(Task data begins)
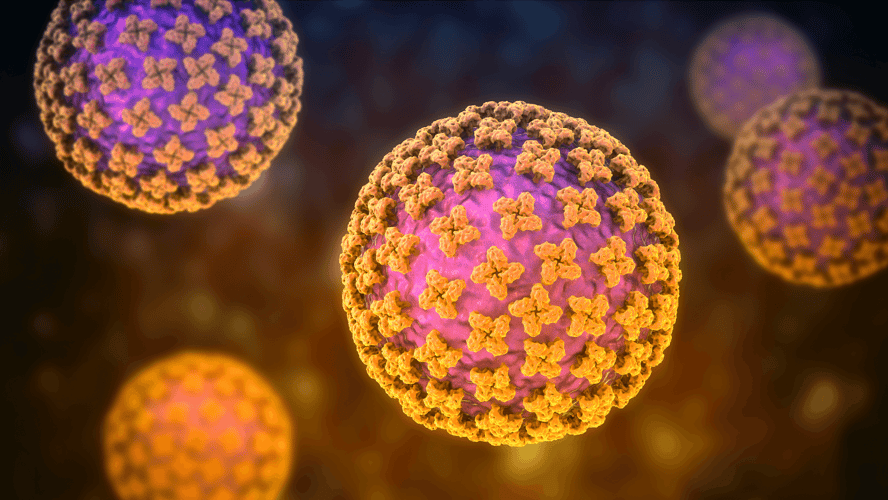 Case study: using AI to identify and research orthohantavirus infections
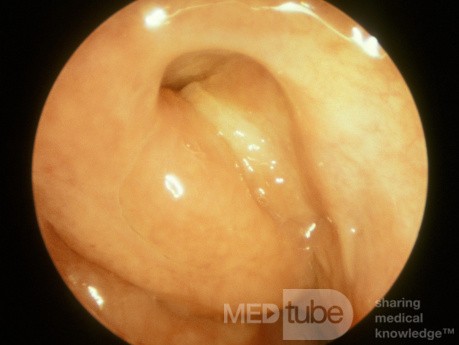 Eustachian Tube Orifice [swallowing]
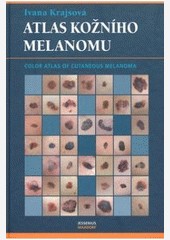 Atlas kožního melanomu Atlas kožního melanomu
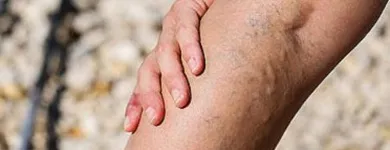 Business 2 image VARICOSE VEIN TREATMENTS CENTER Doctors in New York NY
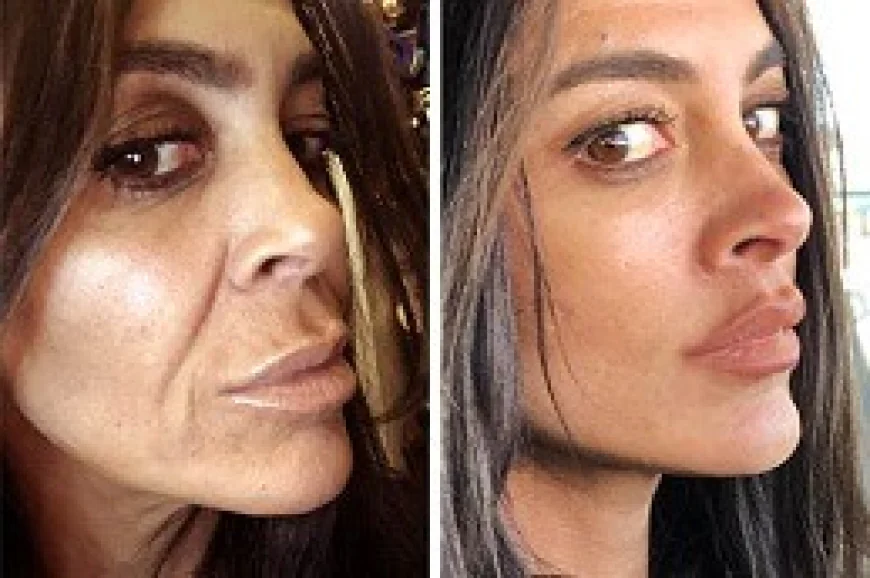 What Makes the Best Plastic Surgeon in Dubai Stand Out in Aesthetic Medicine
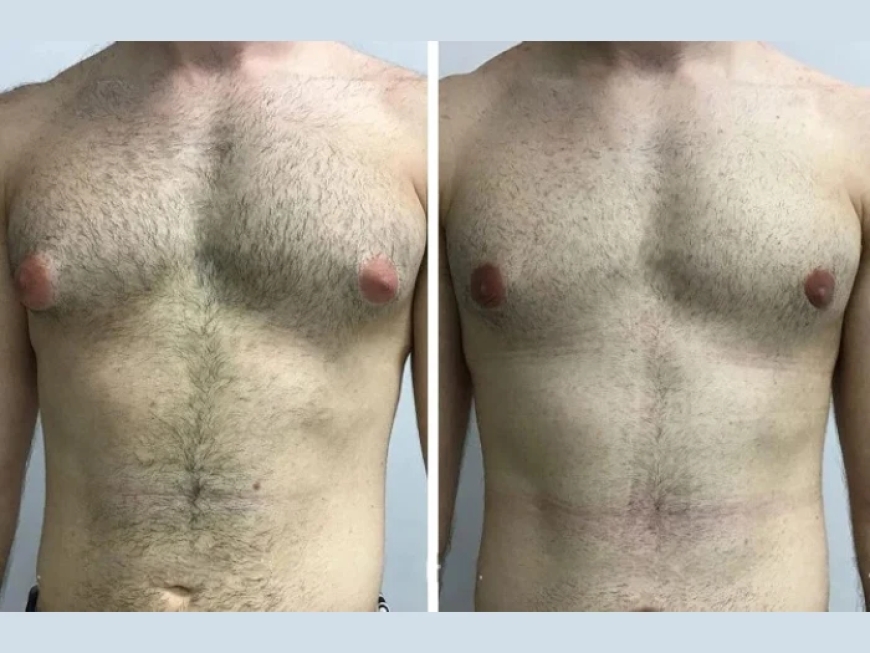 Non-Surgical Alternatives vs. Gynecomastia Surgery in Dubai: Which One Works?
(Task data ends)
(Task data begins)
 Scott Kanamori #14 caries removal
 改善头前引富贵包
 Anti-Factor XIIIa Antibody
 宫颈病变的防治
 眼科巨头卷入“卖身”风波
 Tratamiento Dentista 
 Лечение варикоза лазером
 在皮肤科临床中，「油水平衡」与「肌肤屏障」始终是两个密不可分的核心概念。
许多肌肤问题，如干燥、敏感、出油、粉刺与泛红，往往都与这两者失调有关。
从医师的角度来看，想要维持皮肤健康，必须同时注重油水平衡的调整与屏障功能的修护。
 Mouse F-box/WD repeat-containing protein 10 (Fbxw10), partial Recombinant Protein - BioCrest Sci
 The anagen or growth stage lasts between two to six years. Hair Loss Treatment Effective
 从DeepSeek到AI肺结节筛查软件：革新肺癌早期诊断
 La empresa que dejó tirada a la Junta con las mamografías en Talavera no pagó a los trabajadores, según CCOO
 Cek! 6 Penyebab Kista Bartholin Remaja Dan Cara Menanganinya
(Task data ends)
▶ The problem:
Beginning at the line above with "Mouse F-box/WD repeat-containing" and finishing at the line with "从DeepSeek到AI肺结节筛查软件：革新肺癌早期诊断", return each line exactly and return nothing else.

▶ Task solution:
 Mouse F-box/WD repeat-containing protein 10 (Fbxw10), partial Recombinant Protein - BioCrest Sci
 The anagen or growth stage lasts between two to six years. Hair Loss Treatment Effective
 从DeepSeek到AI肺结节筛查软件：革新肺癌早期诊断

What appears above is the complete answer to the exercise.